Journal of Postgraduate Medicine, Vol. 56, No. 2, April-June, 2010, pp. 103-108

Symposium

PET-CT in oncology

Purandare NC, Rangarajan V

Bio-Imaging Unit, Tata Memorial Hospital, Dr. E Borges Road, Parel, Mumbai-400 012, Maharashtra, India

Correspondence Address: Dr. NC Purandare, Bio-Imaging Unit, Tata Memorial Hospital, Dr. E Borges Road, Parel, Mumbai-400 012, Maharashtra, India

nilpurandare@gmail.com

Date of Submission: 08-Mar-2009

Date of Decision: 19-Jan-2010

Date of Acceptance: 18-Feb-2010

Code Number: jp10032

PMID: 20622389

DOI: 10.4103/0022-3859.65277

Abstract

Diagnostic imaging plays a pivotal role in cancer management. Imaging has made rapid strides in the past few years with new modalities and new indications getting added all the time. Molecular and metabolic imaging with 18F Flurodeoxyglucose Positron Emission Tomography (FDG PET) and other non-FDG isotopes have revolutionized oncologic imaging and changed our approach towards cancer diagnosis, staging and imaging surveillance. The evidence for the use of FDG PET is mounting every day with newer indications getting added to the literature. The main focus of our discussion will be to understand the basic principles of FDG PET imaging and to study a few of its clinical applications in oncology.

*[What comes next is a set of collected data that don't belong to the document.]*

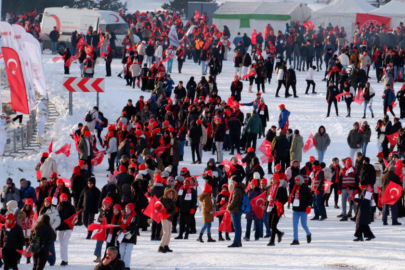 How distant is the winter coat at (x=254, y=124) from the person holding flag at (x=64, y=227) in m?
9.80

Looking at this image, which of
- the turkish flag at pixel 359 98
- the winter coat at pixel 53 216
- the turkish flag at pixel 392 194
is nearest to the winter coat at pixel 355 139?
the turkish flag at pixel 359 98

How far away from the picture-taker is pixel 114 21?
47.1 meters

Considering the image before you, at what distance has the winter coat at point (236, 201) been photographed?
17.6 m

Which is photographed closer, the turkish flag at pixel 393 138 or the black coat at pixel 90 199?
the black coat at pixel 90 199

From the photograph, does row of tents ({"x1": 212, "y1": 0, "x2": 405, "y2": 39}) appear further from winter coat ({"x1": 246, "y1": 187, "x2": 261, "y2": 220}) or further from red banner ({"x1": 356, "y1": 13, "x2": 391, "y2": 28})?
winter coat ({"x1": 246, "y1": 187, "x2": 261, "y2": 220})

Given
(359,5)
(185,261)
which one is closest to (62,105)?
(185,261)

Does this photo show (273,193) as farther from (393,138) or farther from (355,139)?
(393,138)

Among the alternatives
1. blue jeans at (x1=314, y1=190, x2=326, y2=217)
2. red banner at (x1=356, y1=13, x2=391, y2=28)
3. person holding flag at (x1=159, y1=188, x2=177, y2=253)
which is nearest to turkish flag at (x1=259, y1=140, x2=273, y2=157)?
blue jeans at (x1=314, y1=190, x2=326, y2=217)

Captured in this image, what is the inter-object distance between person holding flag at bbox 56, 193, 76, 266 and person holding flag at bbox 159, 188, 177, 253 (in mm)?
1594

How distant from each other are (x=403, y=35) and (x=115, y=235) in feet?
108

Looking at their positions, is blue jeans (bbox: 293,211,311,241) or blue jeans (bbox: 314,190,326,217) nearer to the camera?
blue jeans (bbox: 293,211,311,241)

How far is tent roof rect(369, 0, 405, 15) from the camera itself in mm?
48906

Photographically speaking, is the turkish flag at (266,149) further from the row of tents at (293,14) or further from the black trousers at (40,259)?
the row of tents at (293,14)

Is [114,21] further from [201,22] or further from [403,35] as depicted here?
[403,35] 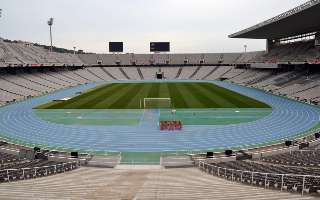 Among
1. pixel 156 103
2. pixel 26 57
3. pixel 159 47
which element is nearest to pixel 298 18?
pixel 156 103

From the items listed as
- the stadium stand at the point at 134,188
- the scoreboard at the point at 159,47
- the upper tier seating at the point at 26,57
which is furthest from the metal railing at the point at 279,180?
the scoreboard at the point at 159,47

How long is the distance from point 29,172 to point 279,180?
10.3m

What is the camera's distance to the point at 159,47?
111062 mm

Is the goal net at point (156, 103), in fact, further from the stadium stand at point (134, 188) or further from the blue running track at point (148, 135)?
the stadium stand at point (134, 188)

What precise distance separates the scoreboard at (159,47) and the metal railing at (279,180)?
9652 centimetres

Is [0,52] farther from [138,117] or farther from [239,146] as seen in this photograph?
[239,146]

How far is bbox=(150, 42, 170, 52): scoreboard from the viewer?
111 m

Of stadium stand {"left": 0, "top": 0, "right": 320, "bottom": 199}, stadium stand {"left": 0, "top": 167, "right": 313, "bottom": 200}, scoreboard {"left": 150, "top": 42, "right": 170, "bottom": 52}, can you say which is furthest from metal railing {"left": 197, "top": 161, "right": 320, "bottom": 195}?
scoreboard {"left": 150, "top": 42, "right": 170, "bottom": 52}

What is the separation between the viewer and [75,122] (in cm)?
3453

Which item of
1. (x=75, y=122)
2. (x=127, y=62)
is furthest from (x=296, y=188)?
(x=127, y=62)

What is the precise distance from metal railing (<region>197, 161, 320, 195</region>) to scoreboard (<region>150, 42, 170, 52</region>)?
317 ft

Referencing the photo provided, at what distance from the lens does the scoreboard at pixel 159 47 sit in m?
111

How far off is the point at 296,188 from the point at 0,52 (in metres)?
68.8

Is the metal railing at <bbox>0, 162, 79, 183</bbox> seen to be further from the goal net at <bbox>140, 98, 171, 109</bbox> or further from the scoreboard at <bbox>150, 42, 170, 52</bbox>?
the scoreboard at <bbox>150, 42, 170, 52</bbox> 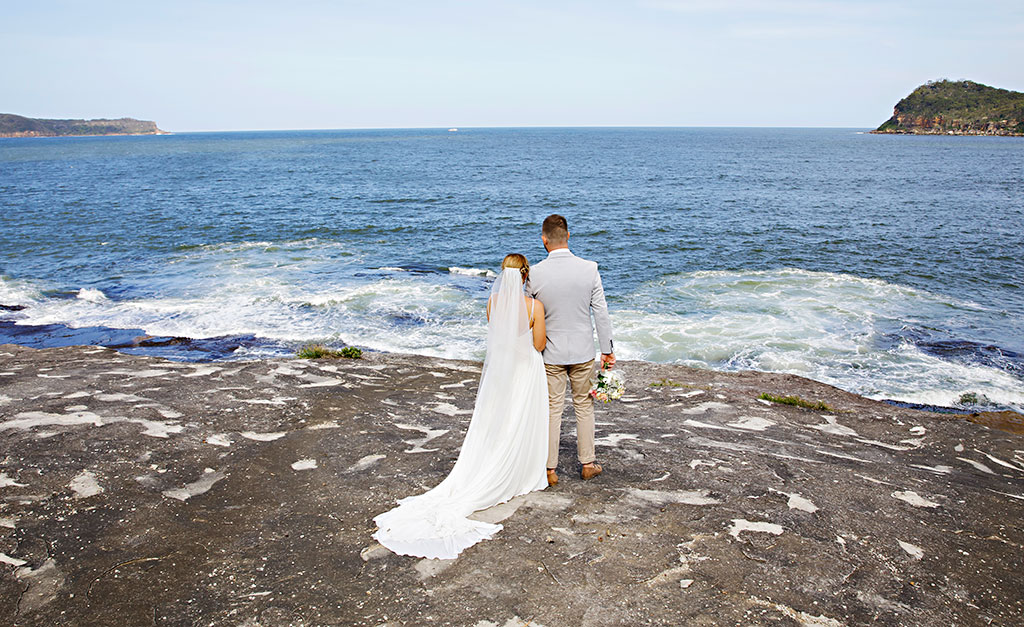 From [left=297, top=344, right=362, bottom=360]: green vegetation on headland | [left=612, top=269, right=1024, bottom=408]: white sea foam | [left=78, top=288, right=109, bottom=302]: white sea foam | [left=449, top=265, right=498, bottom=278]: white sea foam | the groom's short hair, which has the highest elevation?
the groom's short hair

Keywords: Diagnostic imaging, humans, neoplasms, positron emission tomography

In the past few decades, as oncologists and oncosurgeons attempted to cure many types of cancers or at least provide patients with a longer disease-free life, there has been a spectacular parallel and supportive evolution in imaging technology. Currently, imaging plays a pivotal role in the management of all cancers. It is used for screening, for preliminary diagnosis, to establish the extent and distribution of disease, for biopsy guidance, staging, prognostication, therapeutic planning, judging response to therapy and restaging. In oncology, the role of imaging has shifted from merely providing anatomical information to providing insight into tumor biology using techniques such as Computerised Tomography (CT) and Magnetic Resonance Imaging (MRI) perfusion imaging, MR spectroscopy and Positron Emission Tomography (PET) imaging. These techniques can demonstrate metabolic response to therapy which precedes anatomical changes. If there is less than optimal response to treatment on early assessment then the treatment regime can be changed accordingly, thus avoiding the potential morbidities associated with a toxic treatment regime which has no therapeutic benefit.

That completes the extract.